T3 q.2 Reminder - Red-Black trees: A binary search tree, with the following properties: 1. Every node has a color - either red or black. 2. The root is black. 3. Every leaf (empty child) is black. 4. Both children of a red node are black. 5. Every path from a node to a descendant leaf contains the same number of black nodes. The black height of a tree is the number of black nodes in a path from the root to some leaf (not counting the root).
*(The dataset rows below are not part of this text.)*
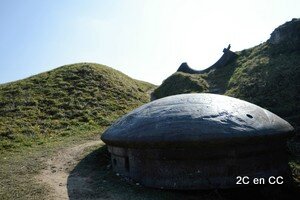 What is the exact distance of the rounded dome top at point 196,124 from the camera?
8.73 metres

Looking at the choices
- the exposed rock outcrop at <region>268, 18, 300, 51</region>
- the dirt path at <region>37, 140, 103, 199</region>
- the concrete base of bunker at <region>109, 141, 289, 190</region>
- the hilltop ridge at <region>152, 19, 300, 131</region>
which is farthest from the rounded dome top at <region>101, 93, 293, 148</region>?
the exposed rock outcrop at <region>268, 18, 300, 51</region>

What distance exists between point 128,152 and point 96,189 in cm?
132

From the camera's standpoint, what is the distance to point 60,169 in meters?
11.6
T3 q.2 - first part Question: What is the maximal number of internal nodes of an RB tree with black height h? First intuition: The path from the root to a leaf must contain exactly h black nodes. We want it to be long, so we can put a red node between each two black nodes. That’s the maximal we can do, since otherwise we’ll violate property 4. Important: This is just intuition, not a proof! A proof must show, by one or more arguments, without gaps between them, that the claim must be true. For example, in the above intuition there are two gap: how do we know there is no way to make it even longer? And can we actually construct such a tree?

A maximal tree First part: showing we can actually construct such a tree: Take a complete binary tree with 2h+1 levels. Color the root black, the second level red, the third level black, and so on. Number of internal nodes: 2^(2h) - 1 Notice that is a valid RB tree (with black height h): Properties 1, 2 & 4 immediately hold. 3 - The number of levels is odd, and we colored the first level black, then the last level (leaves) is black too. 5 - All paths have alternating red & black nodes, and have the same length. black red black......

This tree is indeed maximal Claim: Any RB tree with black height h has at most 2h levels (ignoring the leaves). Proof: What is the no. of nodes in some path from a root to a leaf: All paths contain same no. of black nodes, h in our case. Including the root, we have h+1 black nodes. There must be at most h red nodes by property 4, therefore the path has 2h+1 nodes, or 2h if we ignore the leaf. Remark: A binary tree with 2h levels contains at most 2^(2h)-1. This happens when the tree is complete. Answer: An RB tree with maximal height h can have at most 2^(2h)-1 internal nodes.

T3 q.2 - second part Question: What is the minimal number of internal nodes of an RB tree with black height h. Claim: There cannot be any red nodes in the minimal RB tree. Proof: Suppose there is a red node, x. It must have two black sons. We can delete x and one of its sub-trees, T1, and connect x’s father to the other sub-tree, T2. The only property we need to check is 5 - but for any path in T1 there is a path with the same number of nodes it T2. So property 5 holds. Therefore the original tree wasn’t minimal.

T3 q.2 - second part (continued) Claim: An RB tree with no red nodes must be a complete binary tree. Proof: Consider only the internal nodes. If this tree is not complete, there are missing nodes at the last level. Then there is a node with two paths to a leaf, with different lengths. Since all nodes are black, this violates property 5. Answer: There is a single RB tree of black height h with minimal no. of internal nodes. It has 2^h - 1 internal nodes.